Encounter: Lemmy

The hard-rock lion in winter: After a health scare, Motörhead's frontman roars again

Lemmy
Robert John
By Steve Appleford
Feb 06, 2014

THE SUN IS STILL SHINING on L.A.'s Sunset Strip as Lemmy Kilmister takes his favorite spot at the bar of the Rainbow Bar & Grill. Sipping from a glass, he feeds dollars into a machine to play games of trivia and chance like Clock Teaser, a quiz about women and nature. At 67, the Motörhead frontman looks just as he always has: black cavalry hat with gold insignia, prominent warts and mutton chops, embroidered cowboy boots. But that’s Diet Coke in his glass, not Jack Daniel’s. And while the jokes roll out easily in his distinctive British rasp, he sounds like a man who’s still recovering from a gut punch.

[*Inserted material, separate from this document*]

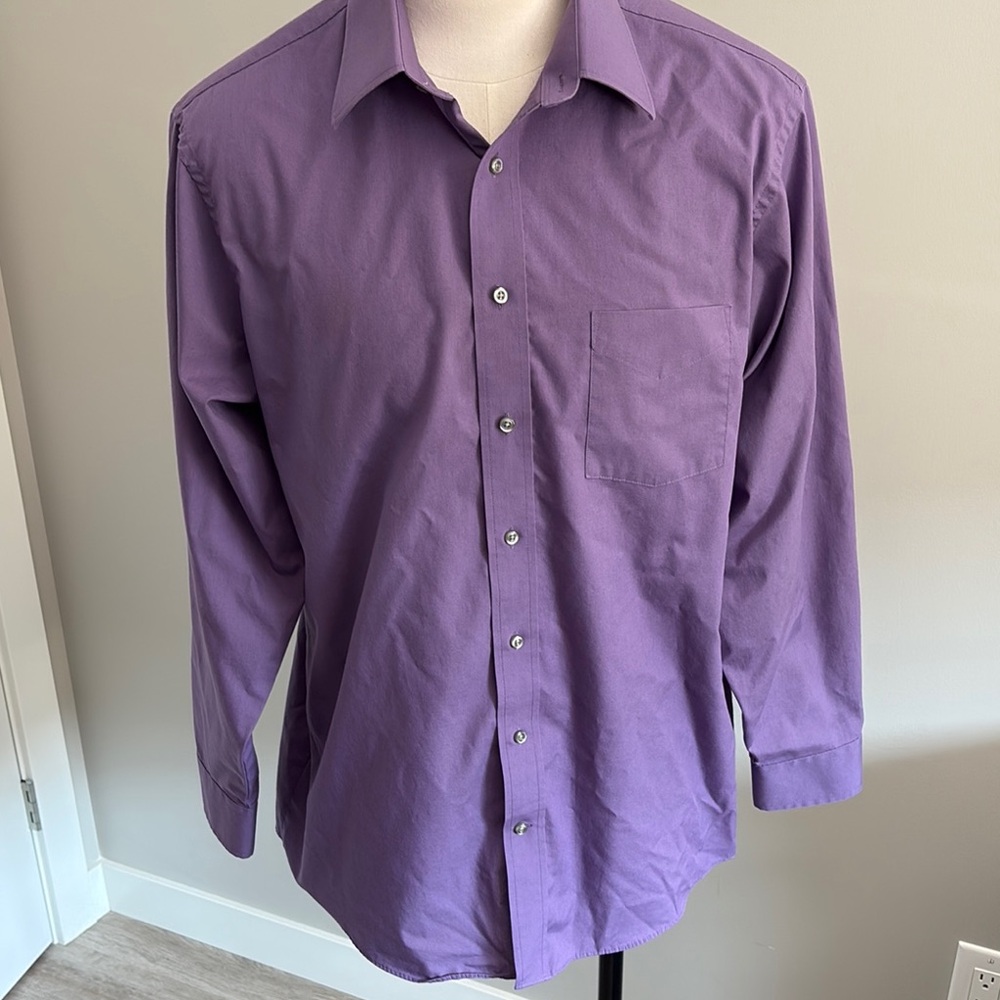 Towncraft Purple Dress Shirt with Pointed Collar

This is Lemmy’s first visit back to the Rainbow in six months. The last time was before a bout of heart trouble and bruising last summer forced Motörhead off the road for the first time in years. “There is nothing weirder than having everything you are taken from you in one day – bingo,” he says. Now he rides an exercise bike every day at his new condo nearby. His drinking has slowed to a trickle, and the two packs of Marlboro Reds he used to smoke each day are down to one or two cigarettes a day. “Let’s face it – it isn’t as much fun,” says Lemmy. “But it can’t be as much fun if I die. I don’t believe that’s much fun, either.”